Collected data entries
==*==
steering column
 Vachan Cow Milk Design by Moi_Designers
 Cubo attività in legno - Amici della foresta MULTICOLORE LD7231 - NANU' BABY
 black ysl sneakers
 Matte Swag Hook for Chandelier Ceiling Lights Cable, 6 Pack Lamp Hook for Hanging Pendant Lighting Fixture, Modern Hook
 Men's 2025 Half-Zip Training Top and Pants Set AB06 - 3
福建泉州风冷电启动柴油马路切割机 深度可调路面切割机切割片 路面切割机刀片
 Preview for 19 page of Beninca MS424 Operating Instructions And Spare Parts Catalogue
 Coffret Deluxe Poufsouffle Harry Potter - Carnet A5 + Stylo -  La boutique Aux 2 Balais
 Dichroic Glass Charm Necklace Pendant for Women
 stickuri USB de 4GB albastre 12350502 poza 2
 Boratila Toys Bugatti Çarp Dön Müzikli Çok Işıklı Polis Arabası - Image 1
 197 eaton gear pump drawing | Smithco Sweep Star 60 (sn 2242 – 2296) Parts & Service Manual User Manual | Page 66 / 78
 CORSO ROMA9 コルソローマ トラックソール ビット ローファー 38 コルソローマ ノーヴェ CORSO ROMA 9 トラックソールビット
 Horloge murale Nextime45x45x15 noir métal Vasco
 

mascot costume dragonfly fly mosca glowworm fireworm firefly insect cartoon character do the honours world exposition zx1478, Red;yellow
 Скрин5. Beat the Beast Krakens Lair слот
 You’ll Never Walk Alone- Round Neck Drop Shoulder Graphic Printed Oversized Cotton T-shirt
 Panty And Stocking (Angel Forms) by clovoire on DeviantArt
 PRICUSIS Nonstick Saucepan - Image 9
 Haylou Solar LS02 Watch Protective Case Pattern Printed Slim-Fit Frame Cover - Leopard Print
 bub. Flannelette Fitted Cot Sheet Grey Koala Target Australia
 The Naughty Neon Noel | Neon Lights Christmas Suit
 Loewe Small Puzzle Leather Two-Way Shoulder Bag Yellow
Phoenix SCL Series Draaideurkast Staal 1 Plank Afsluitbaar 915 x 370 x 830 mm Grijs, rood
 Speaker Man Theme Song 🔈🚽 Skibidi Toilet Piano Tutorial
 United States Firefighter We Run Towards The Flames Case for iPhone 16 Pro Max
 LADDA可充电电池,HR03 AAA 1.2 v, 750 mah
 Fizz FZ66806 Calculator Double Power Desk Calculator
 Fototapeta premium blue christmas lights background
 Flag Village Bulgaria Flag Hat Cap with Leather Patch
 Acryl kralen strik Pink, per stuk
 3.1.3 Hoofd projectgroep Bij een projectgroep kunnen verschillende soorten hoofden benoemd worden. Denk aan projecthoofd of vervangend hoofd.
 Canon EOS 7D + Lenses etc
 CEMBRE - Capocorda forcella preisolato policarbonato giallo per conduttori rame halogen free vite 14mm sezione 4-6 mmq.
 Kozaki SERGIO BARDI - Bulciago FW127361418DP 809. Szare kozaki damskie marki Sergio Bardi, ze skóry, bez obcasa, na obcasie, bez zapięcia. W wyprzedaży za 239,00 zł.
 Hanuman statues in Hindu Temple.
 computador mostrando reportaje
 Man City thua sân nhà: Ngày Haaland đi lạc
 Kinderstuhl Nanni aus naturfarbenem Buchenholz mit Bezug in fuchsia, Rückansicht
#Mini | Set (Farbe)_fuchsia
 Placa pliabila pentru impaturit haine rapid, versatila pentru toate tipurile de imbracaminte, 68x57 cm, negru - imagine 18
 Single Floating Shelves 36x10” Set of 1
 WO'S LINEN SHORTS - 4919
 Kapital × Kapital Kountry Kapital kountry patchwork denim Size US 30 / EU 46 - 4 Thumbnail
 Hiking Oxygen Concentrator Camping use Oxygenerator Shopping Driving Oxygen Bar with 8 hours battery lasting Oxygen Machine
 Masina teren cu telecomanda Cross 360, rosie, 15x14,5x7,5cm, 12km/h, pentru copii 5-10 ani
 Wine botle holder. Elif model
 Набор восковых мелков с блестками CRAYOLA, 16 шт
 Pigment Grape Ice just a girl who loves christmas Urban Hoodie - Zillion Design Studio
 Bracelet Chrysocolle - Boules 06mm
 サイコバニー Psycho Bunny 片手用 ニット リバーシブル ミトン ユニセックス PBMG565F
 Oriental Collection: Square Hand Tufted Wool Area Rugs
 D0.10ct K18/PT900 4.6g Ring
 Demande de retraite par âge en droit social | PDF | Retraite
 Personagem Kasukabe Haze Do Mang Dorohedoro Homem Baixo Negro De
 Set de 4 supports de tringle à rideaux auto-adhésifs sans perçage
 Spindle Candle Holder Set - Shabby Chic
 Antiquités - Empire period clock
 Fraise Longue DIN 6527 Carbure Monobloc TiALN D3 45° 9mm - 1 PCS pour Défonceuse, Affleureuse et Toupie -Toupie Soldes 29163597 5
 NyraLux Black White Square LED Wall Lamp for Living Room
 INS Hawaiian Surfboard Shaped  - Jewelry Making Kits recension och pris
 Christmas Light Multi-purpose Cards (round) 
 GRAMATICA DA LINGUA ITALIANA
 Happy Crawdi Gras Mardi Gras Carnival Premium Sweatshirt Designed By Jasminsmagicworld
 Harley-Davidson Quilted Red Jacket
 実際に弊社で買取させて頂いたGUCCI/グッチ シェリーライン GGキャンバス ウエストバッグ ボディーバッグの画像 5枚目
==*==
Work to complete:
Please write out exactly the line containing "Fraise Longue DIN" and every line after it through the end of the records, nothing more.

Result of this exercise:
 Fraise Longue DIN 6527 Carbure Monobloc TiALN D3 45° 9mm - 1 PCS pour Défonceuse, Affleureuse et Toupie -Toupie Soldes 29163597 5
 NyraLux Black White Square LED Wall Lamp for Living Room
 INS Hawaiian Surfboard Shaped  - Jewelry Making Kits recension och pris
 Christmas Light Multi-purpose Cards (round) 
 GRAMATICA DA LINGUA ITALIANA
 Happy Crawdi Gras Mardi Gras Carnival Premium Sweatshirt Designed By Jasminsmagicworld
 Harley-Davidson Quilted Red Jacket
 実際に弊社で買取させて頂いたGUCCI/グッチ シェリーライン GGキャンバス ウエストバッグ ボディーバッグの画像 5枚目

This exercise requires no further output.